** DATA SUPPLIED follows **

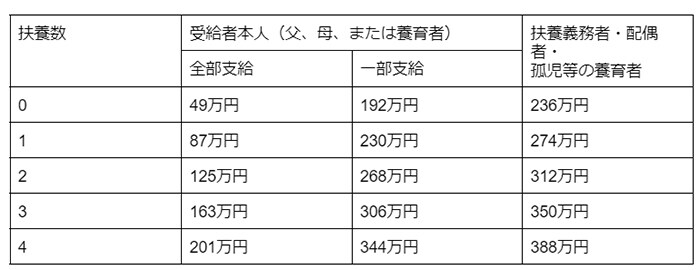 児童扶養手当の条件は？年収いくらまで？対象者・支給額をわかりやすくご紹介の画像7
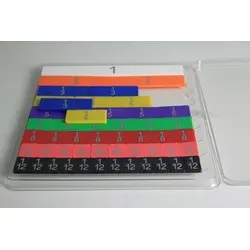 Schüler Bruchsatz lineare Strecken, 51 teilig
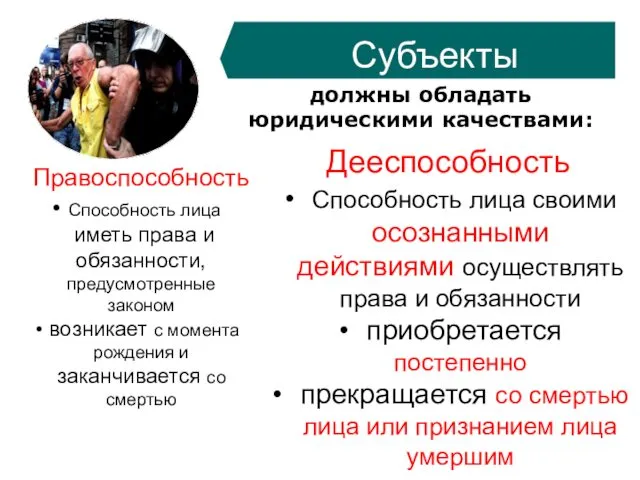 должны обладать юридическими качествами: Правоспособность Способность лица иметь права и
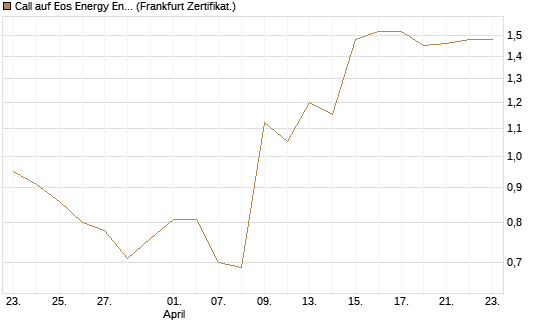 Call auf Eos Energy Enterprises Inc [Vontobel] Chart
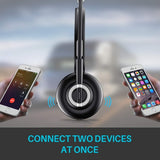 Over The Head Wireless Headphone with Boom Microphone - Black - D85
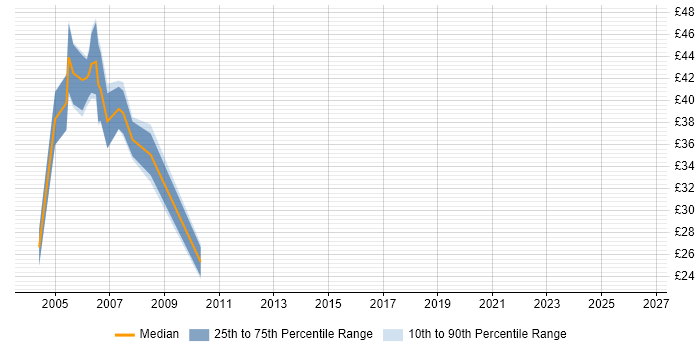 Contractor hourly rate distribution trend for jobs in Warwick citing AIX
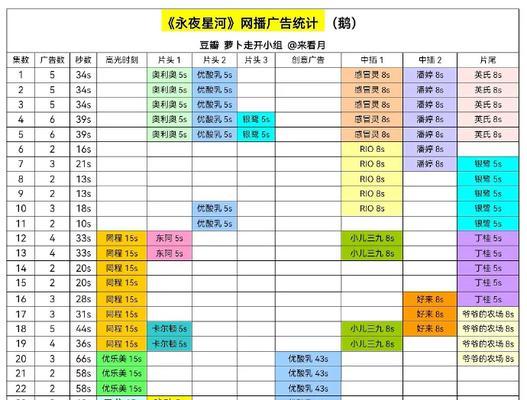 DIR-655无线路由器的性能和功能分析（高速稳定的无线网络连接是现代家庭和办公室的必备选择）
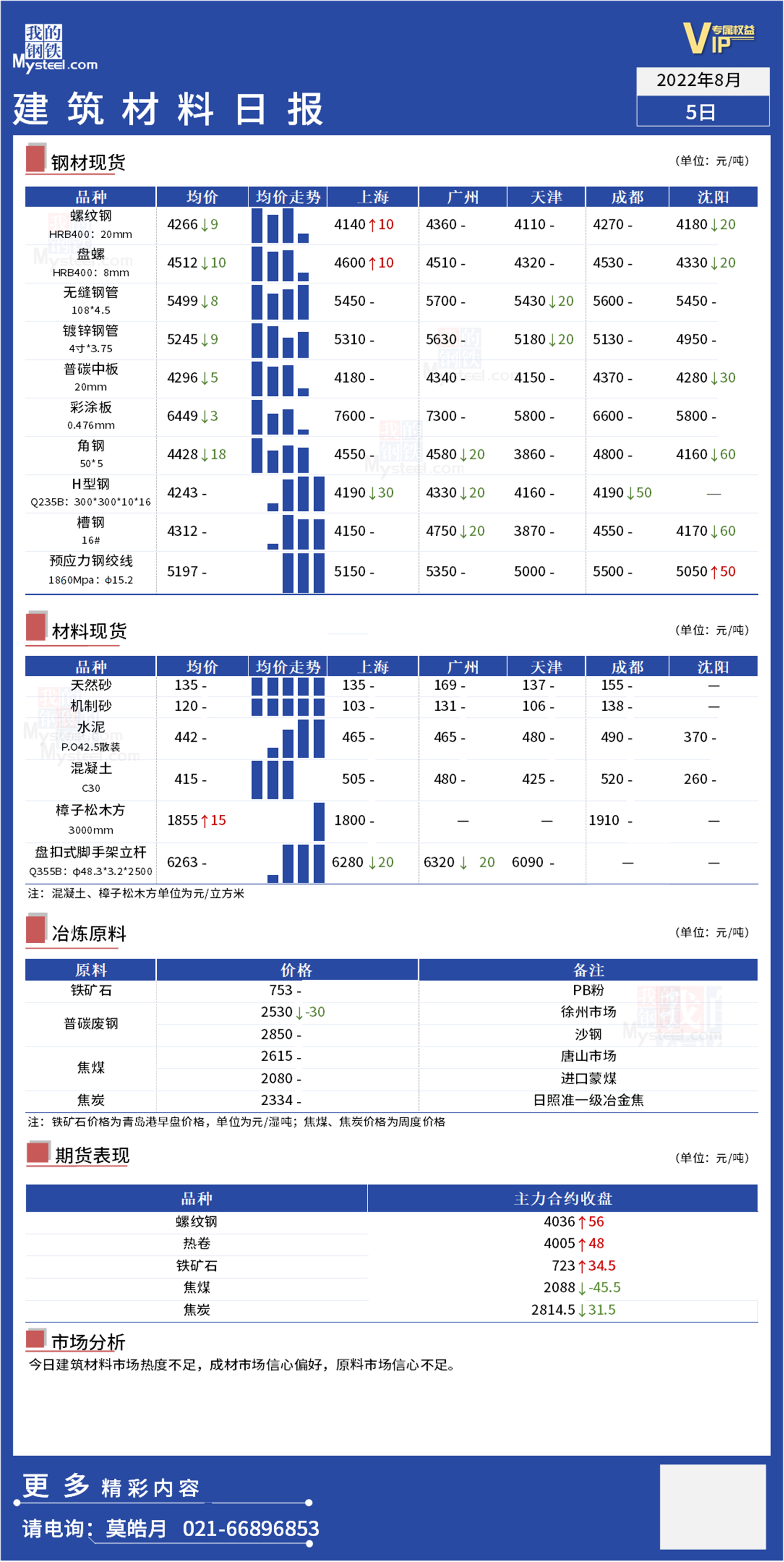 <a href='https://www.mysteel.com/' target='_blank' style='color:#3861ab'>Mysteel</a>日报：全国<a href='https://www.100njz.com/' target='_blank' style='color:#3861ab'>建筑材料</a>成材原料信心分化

** End of DATA SUPPLIED **

**DESCRIPTION OF THE TASK**
Copy out only the lines beginning at the line with "должны обладать юридическими" and ending at the last line of the entries. Keep them exact; drop pictures.

**RESPONSE FOR THIS EXERCISE**
 должны обладать юридическими качествами: Правоспособность Способность лица иметь права и
 Call auf Eos Energy Enterprises Inc [Vontobel] Chart
 Over The Head Wireless Headphone with Boom Microphone - Black - D85
 Contractor hourly rate distribution trend for jobs in Warwick citing AIX
 DIR-655无线路由器的性能和功能分析（高速稳定的无线网络连接是现代家庭和办公室的必备选择）
 <a href='https://www.mysteel.com/' target='_blank' style='color:#3861ab'>Mysteel</a>日报：全国<a href='https://www.100njz.com/' target='_blank' style='color:#3861ab'>建筑材料</a>成材原料信心分化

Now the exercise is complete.